Viertel wird im Inneren autofrei
Weite Teile der Projektunterlagen werden den selbst gesteckten, grünen Maßstäben gerecht. So wird im Zentrum des 44 Hektar großen Gebiets ein zehn Hektar großer Grünraum, die „Grüne Mitte“, entstehen; zudem müssen laut Auflagen 30.000 m2 Dachfläche als „Gräser-Kräuter-Gründächer“ ausgeführt werden.
Auch in puncto Mobilität soll das Stadtentwicklungsgebiet Maßstäbe setzen.

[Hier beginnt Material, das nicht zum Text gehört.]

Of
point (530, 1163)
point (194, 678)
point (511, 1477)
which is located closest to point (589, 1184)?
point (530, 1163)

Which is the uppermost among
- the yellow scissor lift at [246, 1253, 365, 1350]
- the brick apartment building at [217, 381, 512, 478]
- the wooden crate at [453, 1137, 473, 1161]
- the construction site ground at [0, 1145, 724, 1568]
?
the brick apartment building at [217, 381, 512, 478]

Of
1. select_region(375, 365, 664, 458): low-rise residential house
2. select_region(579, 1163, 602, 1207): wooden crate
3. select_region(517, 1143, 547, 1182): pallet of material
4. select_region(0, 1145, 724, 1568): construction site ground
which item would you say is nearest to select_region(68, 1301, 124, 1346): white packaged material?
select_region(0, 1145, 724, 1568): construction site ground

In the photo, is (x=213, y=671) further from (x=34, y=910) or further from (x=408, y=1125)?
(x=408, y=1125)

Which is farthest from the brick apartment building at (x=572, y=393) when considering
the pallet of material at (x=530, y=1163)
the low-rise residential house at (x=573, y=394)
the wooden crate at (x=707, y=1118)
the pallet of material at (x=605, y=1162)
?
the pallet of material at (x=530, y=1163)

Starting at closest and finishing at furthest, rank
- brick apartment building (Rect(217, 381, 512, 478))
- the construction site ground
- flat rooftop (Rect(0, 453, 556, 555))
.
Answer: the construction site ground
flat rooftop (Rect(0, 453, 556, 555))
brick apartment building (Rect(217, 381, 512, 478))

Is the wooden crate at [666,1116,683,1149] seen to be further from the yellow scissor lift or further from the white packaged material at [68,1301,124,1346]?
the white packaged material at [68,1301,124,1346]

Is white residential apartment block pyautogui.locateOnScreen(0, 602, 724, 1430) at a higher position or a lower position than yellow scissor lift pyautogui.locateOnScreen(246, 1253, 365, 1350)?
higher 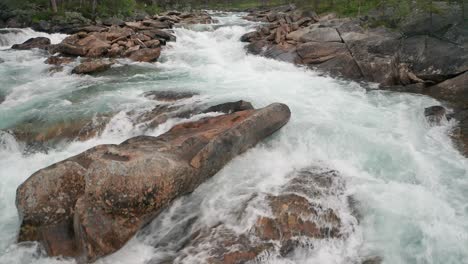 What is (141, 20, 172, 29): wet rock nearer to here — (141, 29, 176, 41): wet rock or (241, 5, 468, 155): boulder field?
(141, 29, 176, 41): wet rock

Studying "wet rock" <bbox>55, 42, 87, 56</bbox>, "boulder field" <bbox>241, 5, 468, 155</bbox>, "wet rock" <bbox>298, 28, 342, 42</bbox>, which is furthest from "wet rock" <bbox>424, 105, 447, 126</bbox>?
"wet rock" <bbox>55, 42, 87, 56</bbox>

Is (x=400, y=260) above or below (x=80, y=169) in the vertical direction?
below

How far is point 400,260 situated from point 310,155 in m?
3.11

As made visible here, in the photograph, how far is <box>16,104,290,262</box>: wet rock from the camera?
567cm

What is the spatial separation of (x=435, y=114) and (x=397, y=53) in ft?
16.8

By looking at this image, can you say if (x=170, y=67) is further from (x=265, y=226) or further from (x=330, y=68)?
(x=265, y=226)

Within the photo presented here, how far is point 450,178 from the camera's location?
7.50 meters

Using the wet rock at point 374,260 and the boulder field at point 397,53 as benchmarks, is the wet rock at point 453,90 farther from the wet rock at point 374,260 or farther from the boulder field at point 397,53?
the wet rock at point 374,260

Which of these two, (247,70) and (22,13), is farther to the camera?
(22,13)

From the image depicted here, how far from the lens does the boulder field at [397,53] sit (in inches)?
494

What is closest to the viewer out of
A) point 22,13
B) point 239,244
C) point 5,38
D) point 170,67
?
point 239,244

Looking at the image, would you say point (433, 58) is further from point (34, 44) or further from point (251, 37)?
point (34, 44)

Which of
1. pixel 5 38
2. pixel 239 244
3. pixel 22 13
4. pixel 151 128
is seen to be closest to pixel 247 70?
pixel 151 128

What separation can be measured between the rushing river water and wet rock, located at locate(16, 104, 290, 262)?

So wird es keine Durchfahrtsmöglichkeit für Autos geben, innerhalb des Geländes wird man sich nur zu Fuß oder mit dem Rad fortbewegen können. Und natürlich mit den Öffis: So wird die neue Straßenbahnlinie 12 das Gebiet ab 2025 um-, und je nach Besiedelungsfortschritt, später auch durchfahren.
Maximum an Parkplätzen muss gebaut werden
Ein Wiener Dauerbrenner sorgt aber selbst im grünen Vorzeigestadtteil für Unmut: Parkplätze. An sich kann die Stadt laut Garagengesetz die Verpflichtung zur Herstellung von Stellplätzen in räumlich begrenzten Teilen des Stadtgebietes durch ein sogenanntes „Stellplatzregulativ“ um bis zu 90 Prozent reduzieren.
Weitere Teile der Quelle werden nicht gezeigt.